After a while, the far-fetchedness of Money becomes its lone strength. The audience can fight of fits of extreme boredom with a chuckle or two at the stupidity of a current-day entrepreneur saying, “maybe I’ll try that ‘dot com’ thing.” If McConaughey and Pacino had taken their roles to full-fledged ham levels, Money would have become a “so bad it’s good” type of guilty pleasure. Unfortunately, McConaughey goes only halfway, portraying the innocent Brandon Lang like a football-savant Wooderson, and the jaded Brandon Lang like a less unintentionally-funny Keanu Reeves in The Devil’s Advocate. Pacino chews a scene or two, but his character is simply too all over the place for any significant fun. If only he’d thrown in a few classic “hoo-ahhh”s or a Cuban accent, we’d all be better off.
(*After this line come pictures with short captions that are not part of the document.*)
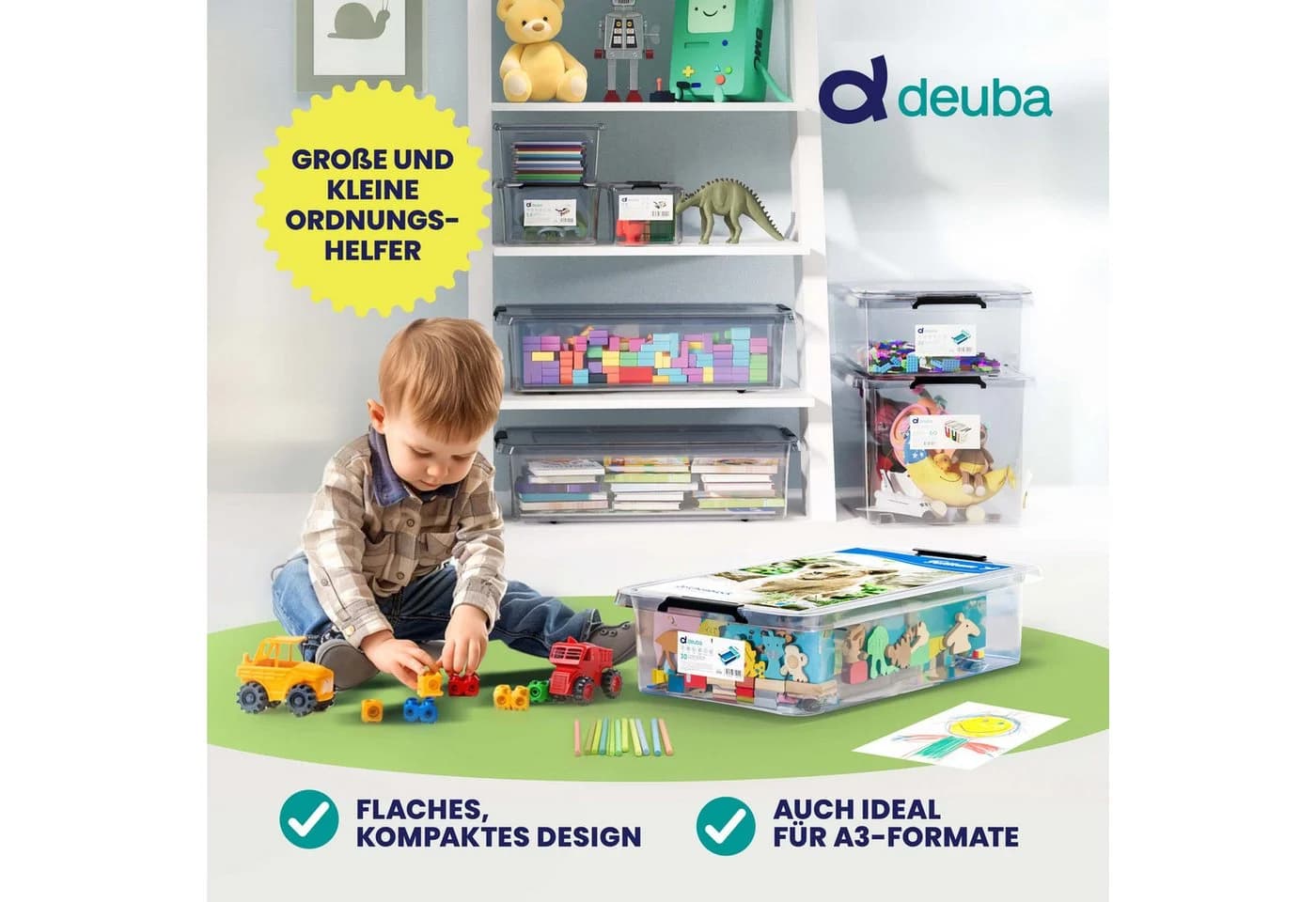 Deuba Aufbewahrungsbox 30L Transparent Stapelbar Kunststoff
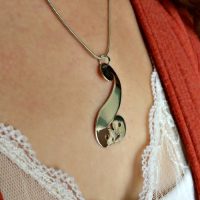 Silver Celtic Style Scroll Pendant on Snake Chain - Image 5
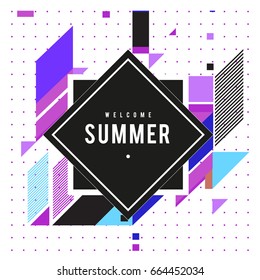 Trendy flat geometric vector banners. Vivid colorful banners in retro poster design style. Vintage colors and shapes Summer holiday theme.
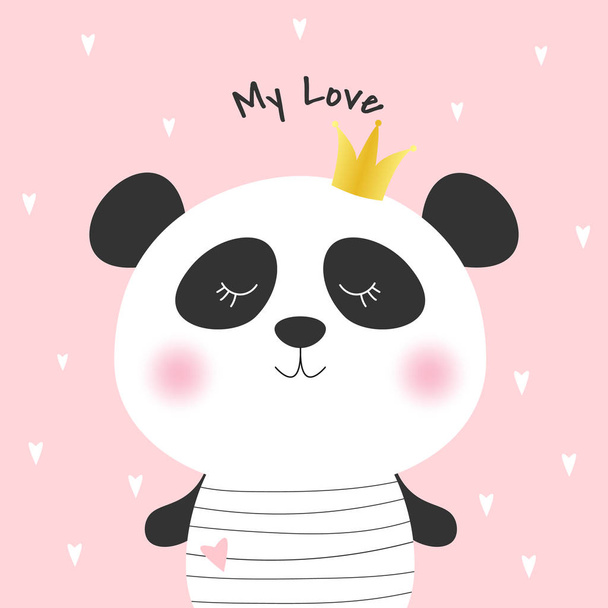 Cute cartoon panda princess and inscription my love. Greeting card with charming teddy on pink background. Vector illustration. - Vector, Image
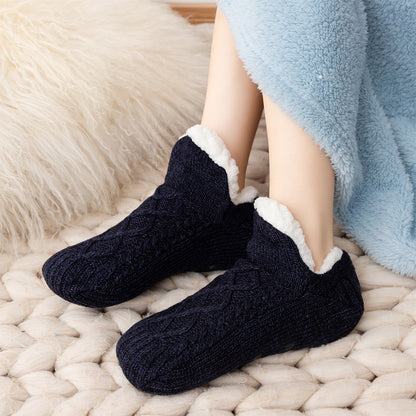 V Cut Faux Shearling Slipper Socks Non Slip Indoor Winter Socks-Black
So to recap: the script is ridiculous, the actors are lost, the action is slow-moving and predictable, and the runtime is far too long (over two hours and felt closer to four). Not good. Unless you’re a huge fan of Matthew McConaughey’s chest or unintentional comedy, there is no reason to see this film. You may as well take that movie-ticket money and plunk it down on the Philadelphia Eagles this week. It’s a lock to be a better investment.